In this chapter, we discuss several methods to deal with estimation of the primal production function utilizing semi- and nonparametric econometric specifications under monotonicity and curvature constraints. General reviews of this material can be found in Matzkin (1994) and Yatchew (2003, Chapter 6). Work that speaks to relatively recent extensions can be found in Hall and Huang (2001), Groeneboom et al. (2001), Horowitz et al. (2004), Carroll et al. (2011), Shively et al. (2011), Blundell et al. (2012), and Pya and Wood (2015), among others.

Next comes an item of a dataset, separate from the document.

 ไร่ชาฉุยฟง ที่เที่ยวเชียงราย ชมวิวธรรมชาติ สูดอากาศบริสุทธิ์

In previous chapters we were focusing on measuring production efficiency in various ways. We now know that one should use the technical efficiency measure if one is concerned with how well the technology potential is used (yet, recall that one still needs to choose an appropriate orientation of measurement – input or output or a mix of these). Furthermore, we learned that one should use cost or revenue (or profit) efficiency if, in addition, one is interested in how well different inputs or outputs (or both) are chosen or allocated with respect to the corresponding prices. The goal of this chapter is to discuss a closely related and, in fact, more general concept – the concept of productivity.

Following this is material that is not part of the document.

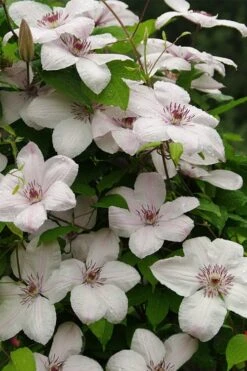 John Paul II Clematis - 1 Gallon Pot -Wilson Bros Gardens clematis john paul II 11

A roadmap for this chapter is useful. We will start by clarifying the differences and relationships between the two main themes of our book: efficiency, which we explored in detail in previous chapters, and productivity, which we will focus on in this chapter. We then consider different approaches to productivity measurement. We will start with the classical growth accounting approach and then move on to the economic approach using index numbers, where we will first consider price indexes, then quantity indexes and then productivity indexes. We also examine some of their decompositions and the relationships among them. After considering a wide range of approaches within the economic approach to index numbers, we will then show that the growth accounting approach can be considered as a restrictive special case. We will finish the chapter with a discussion of transitivity (or circularity) of indexes, what it means in general and for indexes in particular, and how desirable or critical and restrictive this particular property is for an economic index number. We then discuss the sacrifices one must make in order to preserve transitivity and how to mitigate problems with the index number approach when transitivity is not imposed. We conclude with brief remarks on the literature, which will be further discussed in Chapter 7.

PRODUCTIVITY VS. EFFICIENCY

While a lot has been done on efficiency measurement in production, it is a relatively modern area in economics and long before its academic origins, people already used, and still use, the notion of productivity.